Debout, haletante de rage, je fixais d'un regard noir mon agresseur durant quelques secondes avant de finalement dévier la tête, tournant légèrement les talons et commençant à m'éloigner du trio de non-ressucités qui nous abandonnait et des autres survivants, jusqu'à passer dans le dos de Samuel. Le dos de Samuel... Et sa chemise. Sa ceinture. L'arme de poing qui s'y trouvait glissée, que je pouvais percevoir sans même la voir, la promesse d'une puissance vengeresse, d'un désir revanchard à prendre contre tous ceux qui m'avaient fait du mal, contre tous ceux qui incarnaient la domination brute des plus forts contre les plus faibles.

Je craignais les armes, je les redoutais, ignorais comment m'en servir ; mais en cet instant totalement démentiel, où le monde qui nous entourait semblait s'effondrer une nouvelle fois, j'y voyais là une bénédiction. J'entendais l'appel stridant de ce morceau de métal luisant, comme un appel à la vengeance, à la justice froide, sourde et aveugle, un cri de détresse nommé Talion.

Rendue immobile, les poings serrés et l'esprit souillé par toute cette violence, je sentais mes muscles trembler sous les contractions spasmodiques de la colère qui les parcourait. Et je finissais par craquer, une nouvelle fois, la poussée de Ricky et ma chute m'ayant propulsé en réalité bien au fond d'un gouffre dont j'avais commencé à entamer la remontée à bras le corps.

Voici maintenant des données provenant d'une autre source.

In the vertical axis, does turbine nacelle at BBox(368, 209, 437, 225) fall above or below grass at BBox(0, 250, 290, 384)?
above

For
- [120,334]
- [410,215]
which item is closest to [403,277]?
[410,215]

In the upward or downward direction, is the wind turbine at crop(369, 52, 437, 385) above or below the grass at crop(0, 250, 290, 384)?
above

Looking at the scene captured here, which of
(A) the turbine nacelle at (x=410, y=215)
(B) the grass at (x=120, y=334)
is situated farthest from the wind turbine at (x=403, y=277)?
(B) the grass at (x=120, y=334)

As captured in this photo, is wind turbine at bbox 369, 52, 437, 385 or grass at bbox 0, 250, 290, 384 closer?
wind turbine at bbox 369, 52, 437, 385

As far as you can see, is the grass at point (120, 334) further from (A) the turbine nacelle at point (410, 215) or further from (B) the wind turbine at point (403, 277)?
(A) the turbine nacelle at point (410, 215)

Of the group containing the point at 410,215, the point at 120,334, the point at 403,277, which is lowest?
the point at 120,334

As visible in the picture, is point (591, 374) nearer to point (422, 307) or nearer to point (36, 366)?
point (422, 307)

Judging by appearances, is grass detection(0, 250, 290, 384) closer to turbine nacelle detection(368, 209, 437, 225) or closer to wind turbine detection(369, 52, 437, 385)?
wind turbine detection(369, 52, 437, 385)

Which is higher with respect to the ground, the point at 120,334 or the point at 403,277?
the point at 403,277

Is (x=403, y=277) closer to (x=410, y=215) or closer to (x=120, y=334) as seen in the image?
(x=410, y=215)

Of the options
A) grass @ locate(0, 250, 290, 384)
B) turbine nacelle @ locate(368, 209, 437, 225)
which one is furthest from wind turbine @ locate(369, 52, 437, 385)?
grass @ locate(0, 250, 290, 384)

“Fils de pute !” soufflai-je rageusement entre mes dents serrées avant d'envoyer ma main en direction de l'arme de poing de Samuel. Lorsque je la tiendrais – et si le Canadien n'empêchait pas mon geste d'une quelconque manière – je la braquerai sans aucune hésitation vers le plus jeune des frères Jefferson, non pas pour l'abattre, je ne savais même pas comment ôter la sécurité de ce machin ; mais pour bien le confronter à la réelle violence de notre monde, de la mort qui nous côtoyait, nous avait ranimé et qui pouvait à tout moment nous emporter. Plus jamais aucun être humain ne me ferait violence. Jamais...

“JAMAIS PLUS TU NE POSES LA MAIN SUR MOI, PETITE MERDE !!” hurlai-je soudainement à l'encontre de Ricky, le menaçant très clairement.